Where the listing below reaches the line containing "1 - Light Dome", start writing out lines exactly, and stop once the line containing "New round iron wire PVC coating basket" has been written.

## Data shown
_ _ _ _ _ _ _
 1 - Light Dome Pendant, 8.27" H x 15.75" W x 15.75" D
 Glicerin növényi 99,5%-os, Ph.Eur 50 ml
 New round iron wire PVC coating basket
_ _ _ _ _ _ _
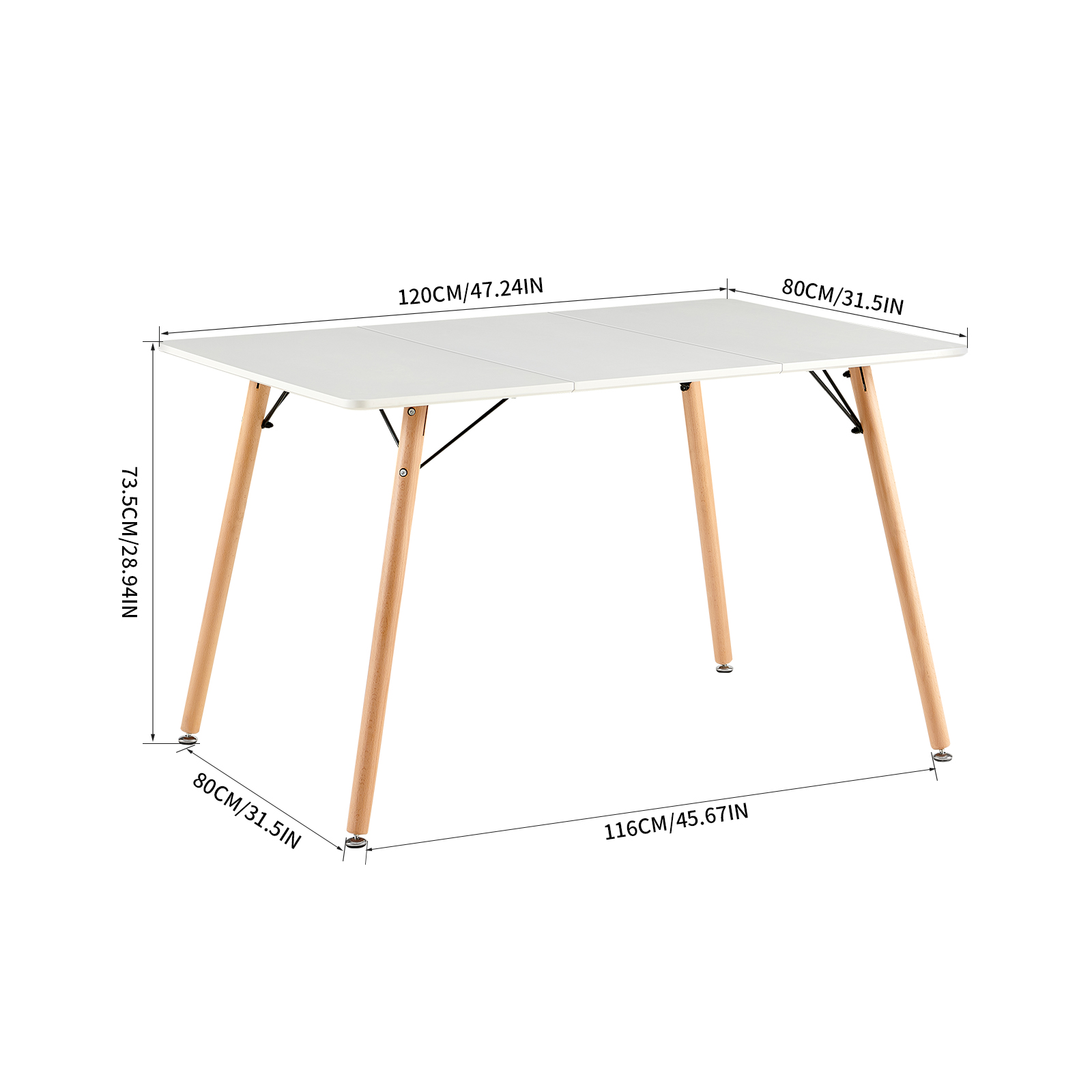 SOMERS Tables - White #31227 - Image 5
_ _ _ _ _ _ _
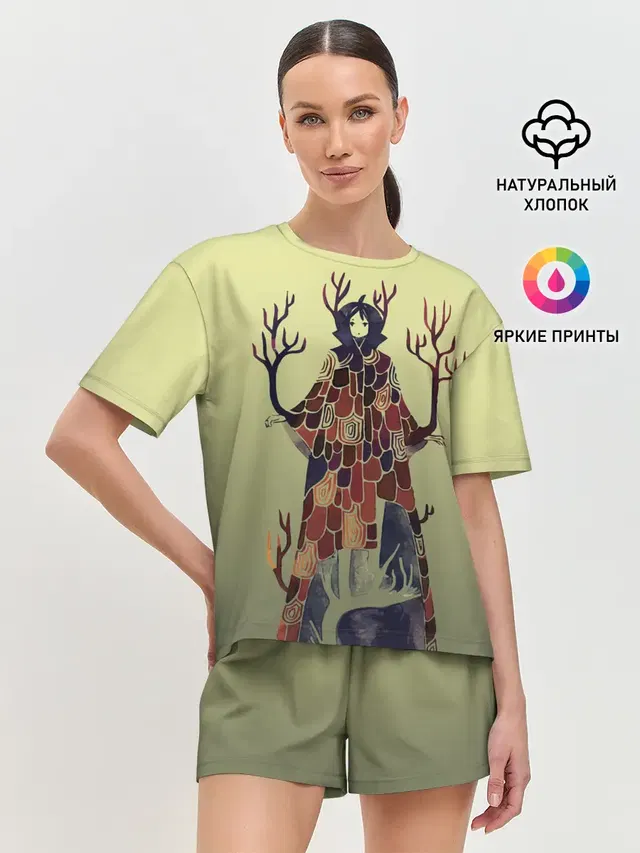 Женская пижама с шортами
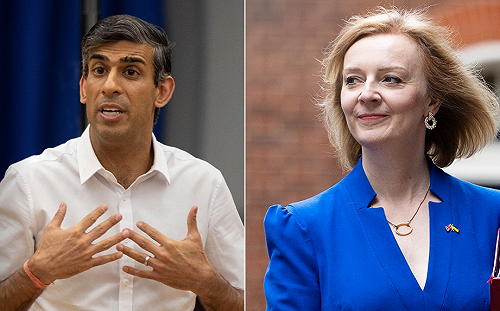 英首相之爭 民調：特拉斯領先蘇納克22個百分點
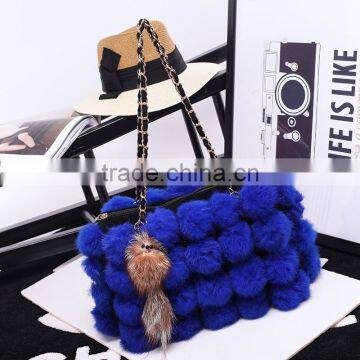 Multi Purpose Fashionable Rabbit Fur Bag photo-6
_ _ _ _ _ _ _
## Exercise solution
 1 - Light Dome Pendant, 8.27" H x 15.75" W x 15.75" D
 Glicerin növényi 99,5%-os, Ph.Eur 50 ml
 New round iron wire PVC coating basket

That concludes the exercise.